Segment Open

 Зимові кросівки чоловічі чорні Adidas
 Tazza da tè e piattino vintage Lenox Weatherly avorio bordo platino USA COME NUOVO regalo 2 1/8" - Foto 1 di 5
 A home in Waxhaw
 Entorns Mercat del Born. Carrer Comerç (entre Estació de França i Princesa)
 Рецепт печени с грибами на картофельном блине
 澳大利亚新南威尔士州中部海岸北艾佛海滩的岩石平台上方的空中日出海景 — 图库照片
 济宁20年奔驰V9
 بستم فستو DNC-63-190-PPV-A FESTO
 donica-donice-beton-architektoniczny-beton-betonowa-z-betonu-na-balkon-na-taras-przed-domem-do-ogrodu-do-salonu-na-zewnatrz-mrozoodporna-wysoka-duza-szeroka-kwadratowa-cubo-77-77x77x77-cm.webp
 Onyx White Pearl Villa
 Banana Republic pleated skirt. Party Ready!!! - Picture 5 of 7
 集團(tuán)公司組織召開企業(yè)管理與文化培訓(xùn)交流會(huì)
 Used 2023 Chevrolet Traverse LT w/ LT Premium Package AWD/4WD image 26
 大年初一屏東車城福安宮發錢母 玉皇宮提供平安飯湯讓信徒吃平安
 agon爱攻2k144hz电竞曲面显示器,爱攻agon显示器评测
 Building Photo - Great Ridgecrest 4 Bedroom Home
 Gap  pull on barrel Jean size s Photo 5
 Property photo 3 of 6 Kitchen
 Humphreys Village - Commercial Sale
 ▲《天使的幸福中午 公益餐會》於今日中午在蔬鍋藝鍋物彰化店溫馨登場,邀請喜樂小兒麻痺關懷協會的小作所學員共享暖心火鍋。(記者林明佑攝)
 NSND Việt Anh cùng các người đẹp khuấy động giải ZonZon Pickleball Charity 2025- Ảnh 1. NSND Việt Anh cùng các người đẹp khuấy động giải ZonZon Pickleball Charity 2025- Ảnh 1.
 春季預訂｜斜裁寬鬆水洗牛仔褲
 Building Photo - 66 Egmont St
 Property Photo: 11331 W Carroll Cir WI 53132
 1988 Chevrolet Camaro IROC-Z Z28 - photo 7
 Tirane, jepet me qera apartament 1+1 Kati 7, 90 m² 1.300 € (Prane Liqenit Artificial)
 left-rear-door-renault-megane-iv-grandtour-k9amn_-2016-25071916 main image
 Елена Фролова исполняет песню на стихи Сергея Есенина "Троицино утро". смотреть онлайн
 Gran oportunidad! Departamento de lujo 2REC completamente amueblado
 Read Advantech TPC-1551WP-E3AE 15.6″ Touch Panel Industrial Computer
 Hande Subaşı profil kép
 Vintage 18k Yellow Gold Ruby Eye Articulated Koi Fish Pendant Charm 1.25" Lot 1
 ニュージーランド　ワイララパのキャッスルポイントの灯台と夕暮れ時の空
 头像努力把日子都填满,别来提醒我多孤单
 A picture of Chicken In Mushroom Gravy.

Segment Closed

**YOUR INSTRUCTIONS**
Would you copy out exactly the lines from the one holding "1988 Chevrolet Camaro IROC-Z Z28 - photo 7" through the end of the entries above, both ends included?

**ANSWER SECTION**
 1988 Chevrolet Camaro IROC-Z Z28 - photo 7
 Tirane, jepet me qera apartament 1+1 Kati 7, 90 m² 1.300 € (Prane Liqenit Artificial)
 left-rear-door-renault-megane-iv-grandtour-k9amn_-2016-25071916 main image
 Елена Фролова исполняет песню на стихи Сергея Есенина "Троицино утро". смотреть онлайн
 Gran oportunidad! Departamento de lujo 2REC completamente amueblado
 Read Advantech TPC-1551WP-E3AE 15.6″ Touch Panel Industrial Computer
 Hande Subaşı profil kép
 Vintage 18k Yellow Gold Ruby Eye Articulated Koi Fish Pendant Charm 1.25" Lot 1
 ニュージーランド　ワイララパのキャッスルポイントの灯台と夕暮れ時の空
 头像努力把日子都填满,别来提醒我多孤单
 A picture of Chicken In Mushroom Gravy.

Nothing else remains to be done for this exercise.